### Problem description
I'd like every entry transcribed word for word, with no pictures.
•••
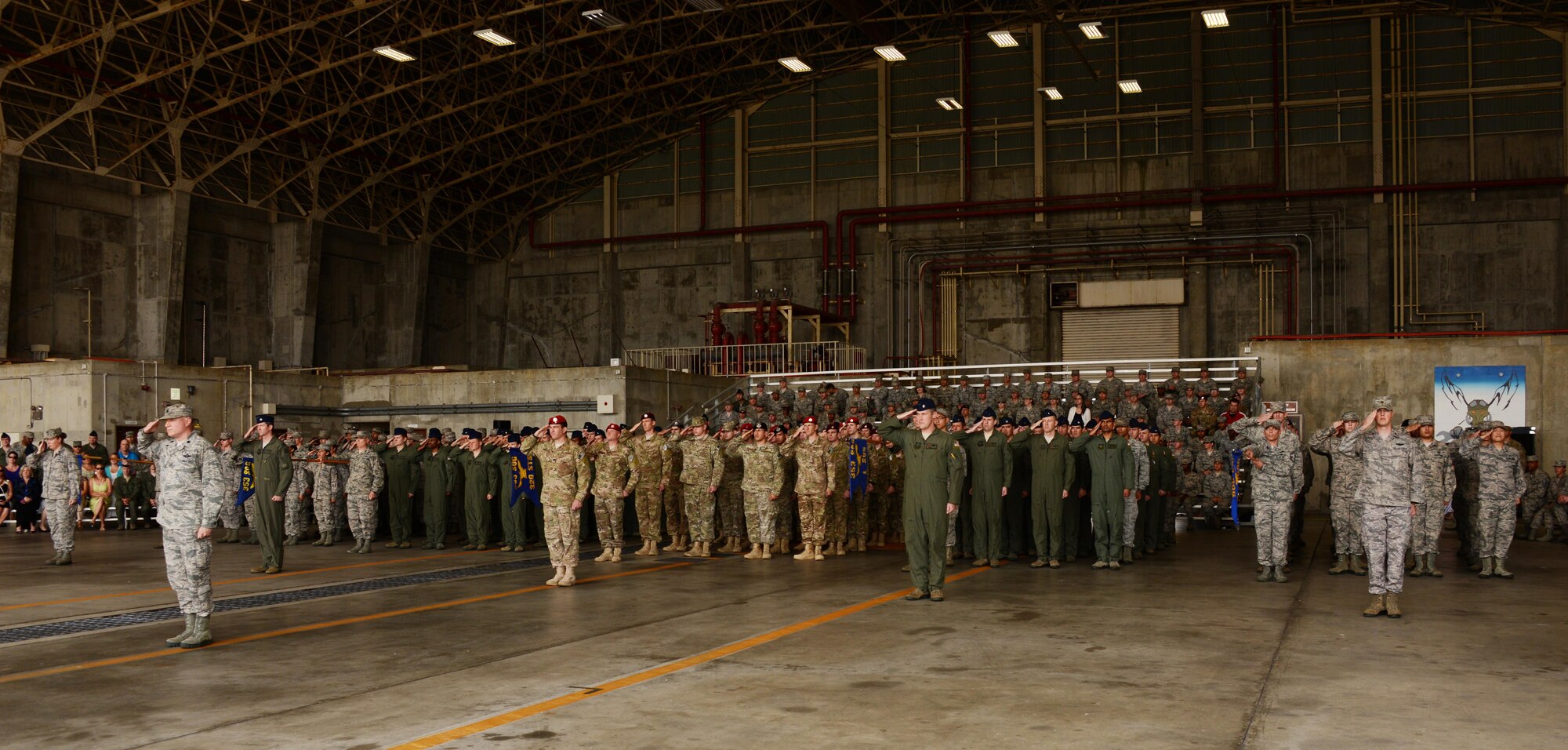 Members of the 353rd Special Operations Group render their first salute to their new commander, Col. William C. Freeman during an assumption of command ceremony May 8, 2016 on Kadena Air Base, Japan.  The 353rd SOG is the Air Force’s only special operations unit in the Pacific. (U.S. Air Force photo by Tech. Sgt. Kristine Dreyer)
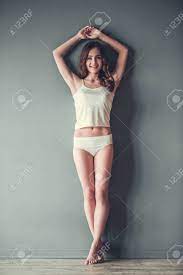 Full Length Portrait Of Beautiful Young Girl In White Underwear Looking At  Camera And Smiling, On Gray Background Stock Photo, Picture and Royalty  Free Image. Image 77692882.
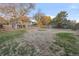 Spacious backyard with mature trees and landscaping at 3955 S Uinta St, Denver, CO 80237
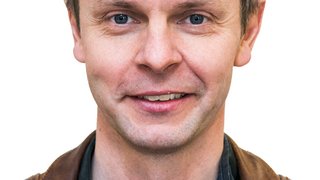 News Porträt eines lächelnden Mannes mit brauner Lederjacke vor weißem Hintergrund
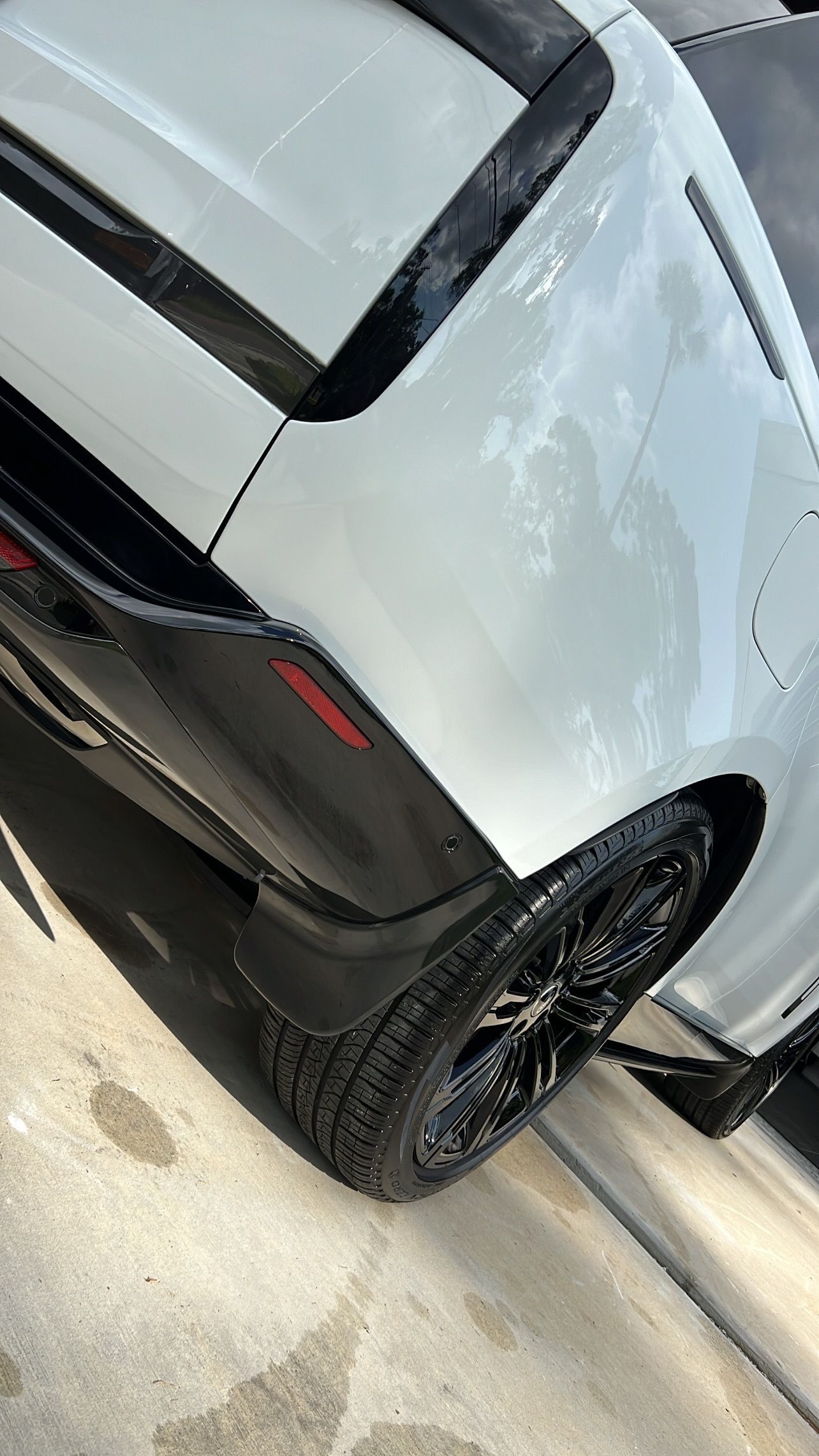 A white car is parked on the side of the road.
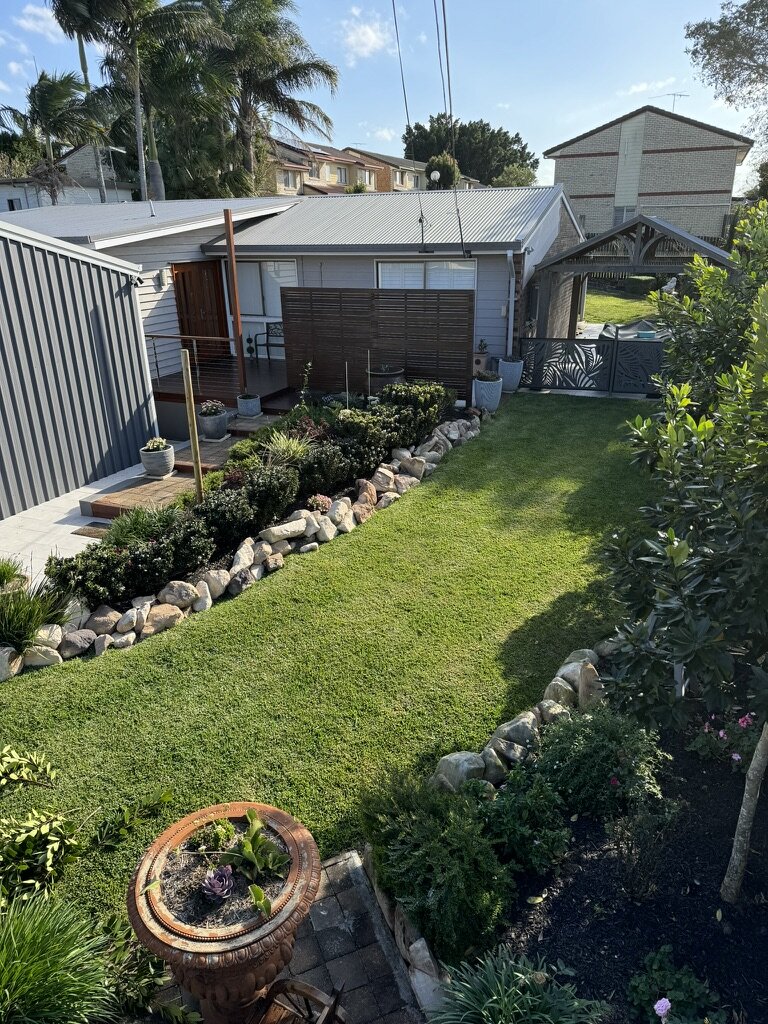 Beautiful sustainable garden transformation in Slacks Creek showing lush lawn, native plants, and eco-friendly landscaping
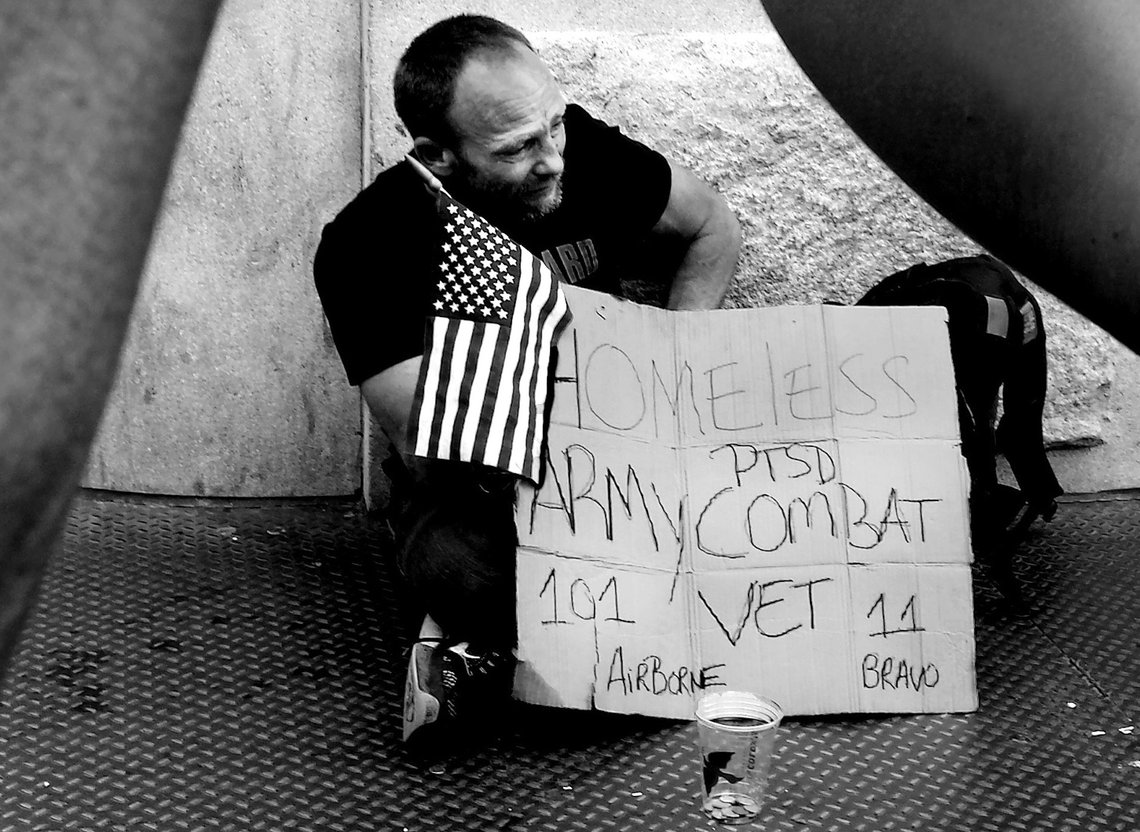 NEW YORK, NY-JULY 2018: A homeless veteran looks for help on a sidewalk in the Soho section of Manhattan. Photo: Shutterstock by Joe Tabacca. United States. NEW YORK, NY-JULY 2018: A homeless veteran looks for help on a sidewalk in the Soho section of Manhattan. Photo: Shutterstock by Joe Tabacca. United States.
•••
### Your solution
 Members of the 353rd Special Operations Group render their first salute to their new commander, Col. William C. Freeman during an assumption of command ceremony May 8, 2016 on Kadena Air Base, Japan.  The 353rd SOG is the Air Force’s only special operations unit in the Pacific. (U.S. Air Force photo by Tech. Sgt. Kristine Dreyer)
 Full Length Portrait Of Beautiful Young Girl In White Underwear Looking At  Camera And Smiling, On Gray Background Stock Photo, Picture and Royalty  Free Image. Image 77692882.
 Spacious backyard with mature trees and landscaping at 3955 S Uinta St, Denver, CO 80237
 News Porträt eines lächelnden Mannes mit brauner Lederjacke vor weißem Hintergrund
 A white car is parked on the side of the road.
 Beautiful sustainable garden transformation in Slacks Creek showing lush lawn, native plants, and eco-friendly landscaping
 NEW YORK, NY-JULY 2018: A homeless veteran looks for help on a sidewalk in the Soho section of Manhattan. Photo: Shutterstock by Joe Tabacca. United States. NEW YORK, NY-JULY 2018: A homeless veteran looks for help on a sidewalk in the Soho section of Manhattan. Photo: Shutterstock by Joe Tabacca. United States.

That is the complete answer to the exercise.